┌────────

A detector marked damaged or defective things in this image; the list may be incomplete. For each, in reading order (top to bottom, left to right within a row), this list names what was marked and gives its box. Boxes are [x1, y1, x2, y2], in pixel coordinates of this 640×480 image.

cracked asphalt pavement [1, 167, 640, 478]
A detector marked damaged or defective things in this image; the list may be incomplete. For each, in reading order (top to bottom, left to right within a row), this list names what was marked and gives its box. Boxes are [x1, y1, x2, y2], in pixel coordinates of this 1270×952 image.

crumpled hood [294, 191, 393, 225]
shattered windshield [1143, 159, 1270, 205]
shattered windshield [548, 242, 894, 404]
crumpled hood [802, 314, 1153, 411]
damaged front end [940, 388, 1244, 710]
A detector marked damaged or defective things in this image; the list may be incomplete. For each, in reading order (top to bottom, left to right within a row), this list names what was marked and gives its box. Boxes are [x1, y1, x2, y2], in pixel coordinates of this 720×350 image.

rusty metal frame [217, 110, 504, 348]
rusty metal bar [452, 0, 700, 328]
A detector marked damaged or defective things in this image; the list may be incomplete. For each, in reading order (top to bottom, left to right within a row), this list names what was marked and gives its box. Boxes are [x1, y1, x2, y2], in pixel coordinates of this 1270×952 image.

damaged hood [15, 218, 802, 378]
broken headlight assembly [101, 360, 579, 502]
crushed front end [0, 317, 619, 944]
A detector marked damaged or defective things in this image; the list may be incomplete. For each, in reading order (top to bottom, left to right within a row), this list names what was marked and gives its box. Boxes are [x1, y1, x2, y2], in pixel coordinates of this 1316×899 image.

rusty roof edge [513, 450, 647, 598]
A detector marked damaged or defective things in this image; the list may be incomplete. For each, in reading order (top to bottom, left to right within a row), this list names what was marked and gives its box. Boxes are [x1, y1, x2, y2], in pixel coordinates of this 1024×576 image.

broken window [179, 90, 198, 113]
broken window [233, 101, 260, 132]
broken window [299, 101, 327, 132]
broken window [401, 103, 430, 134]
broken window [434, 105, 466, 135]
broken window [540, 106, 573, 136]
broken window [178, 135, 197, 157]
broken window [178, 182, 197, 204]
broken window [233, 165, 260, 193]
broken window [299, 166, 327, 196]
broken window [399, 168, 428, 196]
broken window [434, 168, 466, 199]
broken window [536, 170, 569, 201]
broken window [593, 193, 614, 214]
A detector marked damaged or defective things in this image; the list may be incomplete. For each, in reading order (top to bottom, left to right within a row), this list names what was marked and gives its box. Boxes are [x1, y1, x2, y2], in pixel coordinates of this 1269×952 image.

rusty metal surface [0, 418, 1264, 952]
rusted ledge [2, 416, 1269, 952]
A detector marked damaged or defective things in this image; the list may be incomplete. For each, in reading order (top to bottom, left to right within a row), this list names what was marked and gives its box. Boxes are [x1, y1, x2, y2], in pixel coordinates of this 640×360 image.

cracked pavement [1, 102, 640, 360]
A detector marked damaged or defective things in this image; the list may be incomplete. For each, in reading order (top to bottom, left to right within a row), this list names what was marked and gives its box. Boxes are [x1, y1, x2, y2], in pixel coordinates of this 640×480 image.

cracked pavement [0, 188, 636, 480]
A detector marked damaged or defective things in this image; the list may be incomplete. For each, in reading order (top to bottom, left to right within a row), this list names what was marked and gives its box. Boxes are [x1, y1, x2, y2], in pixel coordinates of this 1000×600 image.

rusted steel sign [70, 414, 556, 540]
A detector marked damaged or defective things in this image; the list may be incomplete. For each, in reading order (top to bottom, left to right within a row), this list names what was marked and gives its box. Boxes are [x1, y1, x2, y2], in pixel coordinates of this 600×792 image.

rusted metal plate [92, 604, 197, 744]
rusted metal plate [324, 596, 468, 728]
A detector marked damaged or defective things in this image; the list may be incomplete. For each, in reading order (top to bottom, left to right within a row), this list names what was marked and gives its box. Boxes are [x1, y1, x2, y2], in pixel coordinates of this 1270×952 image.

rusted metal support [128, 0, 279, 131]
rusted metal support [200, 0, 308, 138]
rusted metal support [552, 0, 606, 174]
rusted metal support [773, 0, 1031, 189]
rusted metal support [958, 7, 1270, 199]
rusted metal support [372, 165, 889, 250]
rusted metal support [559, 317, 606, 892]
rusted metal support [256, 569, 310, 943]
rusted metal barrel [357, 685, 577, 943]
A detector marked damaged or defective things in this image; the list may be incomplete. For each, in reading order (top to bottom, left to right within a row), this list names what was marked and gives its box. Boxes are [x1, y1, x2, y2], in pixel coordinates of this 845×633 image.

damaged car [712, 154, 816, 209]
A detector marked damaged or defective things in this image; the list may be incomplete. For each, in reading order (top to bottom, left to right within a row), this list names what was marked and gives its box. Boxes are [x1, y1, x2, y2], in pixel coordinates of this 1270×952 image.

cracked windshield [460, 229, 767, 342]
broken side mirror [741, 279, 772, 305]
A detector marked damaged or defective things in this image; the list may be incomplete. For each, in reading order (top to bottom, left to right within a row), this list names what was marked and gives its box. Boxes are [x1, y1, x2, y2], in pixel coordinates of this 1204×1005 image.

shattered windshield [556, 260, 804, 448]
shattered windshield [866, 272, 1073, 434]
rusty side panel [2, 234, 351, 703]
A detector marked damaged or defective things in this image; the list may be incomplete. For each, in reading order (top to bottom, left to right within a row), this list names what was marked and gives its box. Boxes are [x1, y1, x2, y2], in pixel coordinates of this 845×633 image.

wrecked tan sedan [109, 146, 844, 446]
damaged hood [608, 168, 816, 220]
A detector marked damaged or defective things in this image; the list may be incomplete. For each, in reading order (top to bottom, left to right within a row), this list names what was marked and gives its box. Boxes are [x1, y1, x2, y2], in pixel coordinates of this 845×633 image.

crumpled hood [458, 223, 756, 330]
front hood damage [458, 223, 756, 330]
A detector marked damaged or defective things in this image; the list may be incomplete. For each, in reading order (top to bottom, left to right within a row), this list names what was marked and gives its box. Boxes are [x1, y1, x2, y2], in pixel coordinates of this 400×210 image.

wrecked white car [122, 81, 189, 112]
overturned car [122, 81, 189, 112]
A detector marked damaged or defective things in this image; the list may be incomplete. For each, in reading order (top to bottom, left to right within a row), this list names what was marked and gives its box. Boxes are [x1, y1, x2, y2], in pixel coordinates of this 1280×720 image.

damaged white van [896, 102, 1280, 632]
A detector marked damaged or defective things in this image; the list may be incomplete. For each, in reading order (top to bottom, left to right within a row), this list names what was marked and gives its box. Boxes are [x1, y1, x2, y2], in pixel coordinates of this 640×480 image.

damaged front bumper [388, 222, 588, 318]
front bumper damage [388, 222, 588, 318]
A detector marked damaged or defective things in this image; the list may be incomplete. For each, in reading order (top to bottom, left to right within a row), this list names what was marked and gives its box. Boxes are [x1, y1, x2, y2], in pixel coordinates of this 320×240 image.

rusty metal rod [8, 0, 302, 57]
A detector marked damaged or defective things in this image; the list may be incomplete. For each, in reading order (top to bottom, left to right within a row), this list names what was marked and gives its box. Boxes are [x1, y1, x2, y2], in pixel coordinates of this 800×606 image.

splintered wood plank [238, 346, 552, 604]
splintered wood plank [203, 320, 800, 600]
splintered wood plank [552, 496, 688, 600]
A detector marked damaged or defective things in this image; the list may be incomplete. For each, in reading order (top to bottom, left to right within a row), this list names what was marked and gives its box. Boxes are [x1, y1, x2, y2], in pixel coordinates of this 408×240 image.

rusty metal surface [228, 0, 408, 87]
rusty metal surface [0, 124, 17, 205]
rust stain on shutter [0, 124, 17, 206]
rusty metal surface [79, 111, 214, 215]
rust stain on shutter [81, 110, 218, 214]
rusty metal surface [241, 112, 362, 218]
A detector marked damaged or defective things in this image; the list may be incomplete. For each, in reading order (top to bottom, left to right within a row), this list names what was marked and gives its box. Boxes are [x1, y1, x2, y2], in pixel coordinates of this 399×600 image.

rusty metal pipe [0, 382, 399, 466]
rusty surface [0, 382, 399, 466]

└────────

## PROBLEM STATEMENT
Copy nothing except the lines from the one holding "this 399×600 image." through the last line of the data above, and return them exactly.

## PROBLEM SOLUTION
A detector marked damaged or defective things in this image; the list may be incomplete. For each, in reading order (top to bottom, left to right within a row), this list names what was marked and gives its box. Boxes are [x1, y1, x2, y2], in pixel coordinates of this 399×600 image.

rusty metal pipe [0, 382, 399, 466]
rusty surface [0, 382, 399, 466]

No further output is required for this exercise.